Meschac Gaba
Archéologie contemporaine
03.08 / 04.28.2012
L’archéologue du futur
Meschac Gaba, l’un des artistes contemporains d’Afrique les plus pertinents, travaille depuis plus d’une
décennie à la réécriture d’une histoire contemporaine du continent dont il est issu. Dans sa dernière
exposition personnelle (Kassel, Las Palmas), il a montré un ensemble qui donnait l’articulation de
son propos. Jouant sur les clichés qui ont cours dans le monde de l’art, il a décidé de déconstruire les
idées reçues et de détourner le sens conventionnel de notions comme celle de musée, pour les adapter
à sa propre vision du monde. Une vision faite de collages conceptuels qui confère à son univers une
immédiateté qui ne renvoie à aucune géographie ni à aucune origine. Avec un humour et une distance
qu’il a acquis au fil des années à travers les différentes expériences artistiques qui lui ont fait parcourir
le monde, il nous raconte un monde en devenir. Le travail de Gaba, dans son essence, me renvoie à
ce que disait l’écrivain Boris Vian en exergue de son «L’écume des jours » : « cette histoire est vraie
puisque je l’ai inventée d’un bout à l’autre ». Gaba joue une partition subtile entre fiction et réalité,
détournements et inventions. L’histoire qu’il nous raconte est une histoire très ancienne qui remonte
à l’origine des temps, comme une paradoxale archéologie du possible. Ses perruques voitures et son
archéologie contemporaine sont emblématiques de sa manière de déchiffrer les signes qui l’entourent. Il
joue, dans les deux séries, de la juxtaposition des contraires. L’archéologie peut-elle être contemporaine
et les objets quotidiens des éléments d’étude pour les générations à venir ? Quant aux perruques, elles
illustrent le conflit immémorial entre les anciens et les modernes. La tradition opposée et complice des
aspirations d’une société devenue consumériste. Et les questions qu’il pose, avec cette posture faussement
naïve, sont celles d’une globalisation qui voudrait annihiler toute dissemblance. Il nous dit que nous
sommes tous les mêmes, précisément à cause de ce qui nous différencie et qui conforte notre humanité.
Simon Njami
Réalités fictives
Citroën, Jeep, Studebaker, Smart, Picasso, Tracteur, Oil Tanker… On pourrait, à l’énoncé de cette
liste non exhaustive, se croire au salon de l’automobile. Meschac Gaba n’a pas jugé utile d’ajouter
des Mercédès ou des Rolls à son catalogue. Cela aurait peut-être fait nouveau riche. Mais le tracteur
comme le tanker font tâche. Ils appartiendraient à d’autres salons. À d’autres réalités également. Entre
le salon de l’agriculture et les champs pétrolifères. L’Afrique n’est pas loin. Et le commentaire social
et politique suit de très près. Mais au-delà de l’état de l’Afrique, cet ensemble de perruques qui nous
renvoie à un autre salon, de coiffure, cette fois, c’est un regard sur l’Afrique que porte l’artiste, en nous
proposant une double lecture de ces objets insolites. La première évoque les rêves ordinaires de citoyens
ordinaires qui se réalisent à travers les signes extérieurs de leurs désirs. Je pense à ce roman dont le
nom de l’auteur m’échappe qui s’intitulait : Ma Mercédès est plus grosse que la tienne. Compétition et
machisme. Le plus drôle, c’est que ce soit à travers des attributs féminins que s’illustre l’intention. Des
atours qui, et voici le sens profond, qui évoque le travestissement et le masque. Les tresses artificielles
font depuis, quelques années, fureur en Afrique et il est devenu rare aujourd’hui de voir des femmes
porter leurs véritables cheveux. Mais au-delà des femmes, c’est une société toute entière qui est visée.
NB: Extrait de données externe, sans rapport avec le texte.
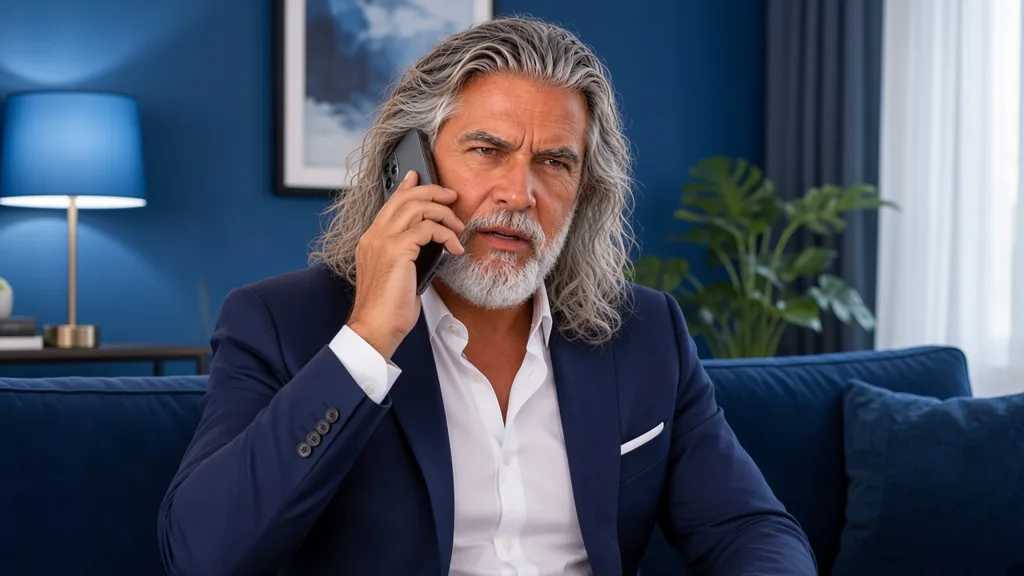 Jean-Philippe, en veste bleu marine, au téléphone dans son salon, l'air méfiant face à un appel inattendu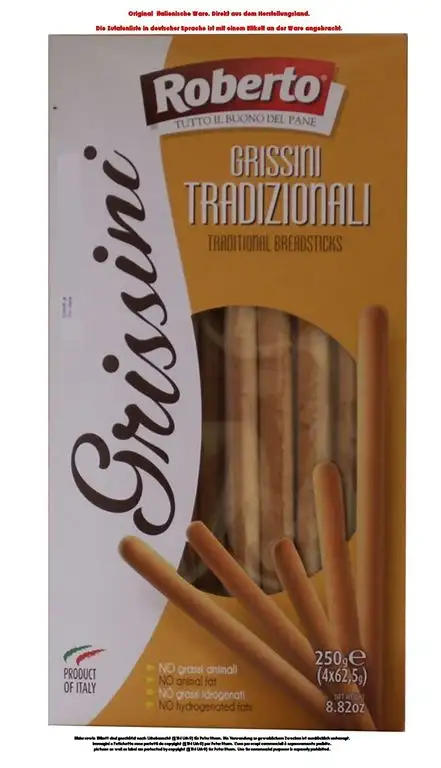 Roberto Grissini Tradizionali 10 x 250g = 2500g salzige Gebäckstangen.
Il n’y a pas de morale ni de condamnation. Libre à nous de déterminer le degré d’aliénation que
portent en eux ces chevelures artificielles. Peut-être finiront-elles un jour ou l’autre dans le projet
d’archéologie contemporaine où l’artiste rassemble les artefacts qui, selon, lui, témoigneront de notre
passage sur terre, au milieu d’objets trouvés et de pièces d’artisanat. Les perruques comme l’archéologie
ne sont autres que des réalités fictives. Une invitation à construire nous-mêmes nos propres musées et
à redéfinir la hiérarchie des choses.